Chavez, an assistant professor of history of art and visual culture at UC Santa Cruz, is contributing to that body of work in her book that highlights instances of Indigenous agency from 1769-1936 via case studies and examples of Native art, architecture and visual culture. Her work-in-progress manuscript has been supported by a grant from critical mission studies program. Chavez is also one of the first Tongva women to receive a doctorate from UCLA.
Chavez said she believes she might be the first California Indian art historian ever, and the only Tongva art historian. It’s important to her to prioritize Indigenous perspectives in the history of art, especially a new way of looking at Spanish mission architecture.
“The missions were built by Native people, and my priority has been to educate others about that history,” she said. “I’m looking at ways in which my writing can be used in the classroom at the university level, but also to educate the public and to make this work accessible to the California Indian community.”
Providing access to information is a big part of the impetus of critical mission studies, she said. The group is working on a handbook that would be available to anyone who wants to educate themselves about the missions and the experiences of Native people.
Revealing unheard histories
In 1769, long before California was a state, the Spanish ordered the missions built to convert hundreds of thousands of native inhabitants to Catholicism and use them as labor. By 1833, when the missions were closed, and California was part of Mexico, 21 missions spanned 600 miles, and the Indigenous population had dwindled because of disease and exploitation.
“The truth has never been told about our history,” said Lopez, who is working on his own book that refutes the narrative that California Indians went to the missions willingly. “A lot of university and younger folks, they just learned the history that is taught in history books. And let me say that when those books were written, they never went to tribes, they went to Franciscans or the Catholic church to find out that history. We just want the truth to be told.”
By the time California became a state in 1850, the narrative of the missions as expressed by the Catholic church dominated. After statehood and as more white settlers arrived, Native Californians faced perilous decades of state-sanctioned genocide, which Gov. Gavin Newsom officially acknowledged for the first time in 2019.
To this day, images of the missions on state flags and seals, the Father Junípero Serra statues and his beatification serve as painful symbols of the destruction and domination of California Indians, Lopez said.
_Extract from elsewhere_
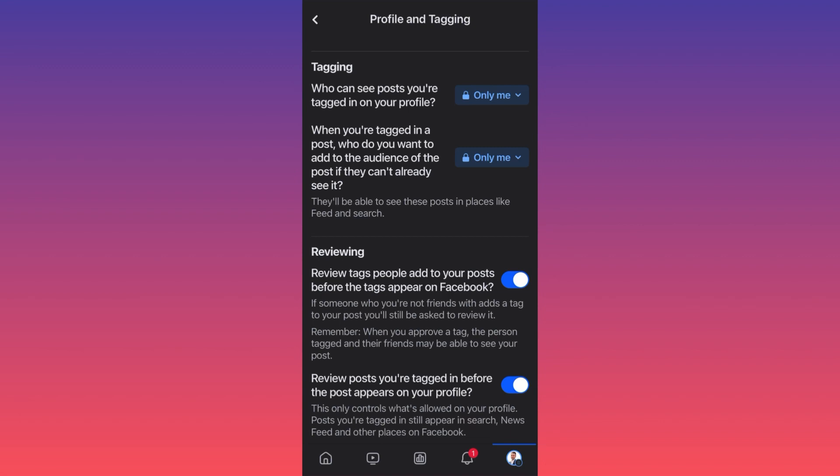However, according to Facebook, posts you are tagged in still appear in search, news feeds, and other places on Facebook. So Facebook did not actually provide you a full solution, because you might opt in for approving the tag just to stop it appearing on your own account and news feed — because you don't want certain friends or family members to see it — but it will still appear on other people's news feeds because the original person who published it made the post public. So it's kind of a 50/50 solution.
“They try and present it as a proud, wonderful, glorifying history, when it is nothing but slavery, incarceration, rape, murder, torture and destruction, destruction of cultural knowledge, destruction of Native spiritualities, Native environment and Native Indigenous knowledge,” he said.
Beyond the truth being told about the brutal impacts of the history of the missions on California tribes, Lopez said he also hopes the critical mission studies project will highlight “the absolute need for perpetrators to acknowledge and be accountable for that history.”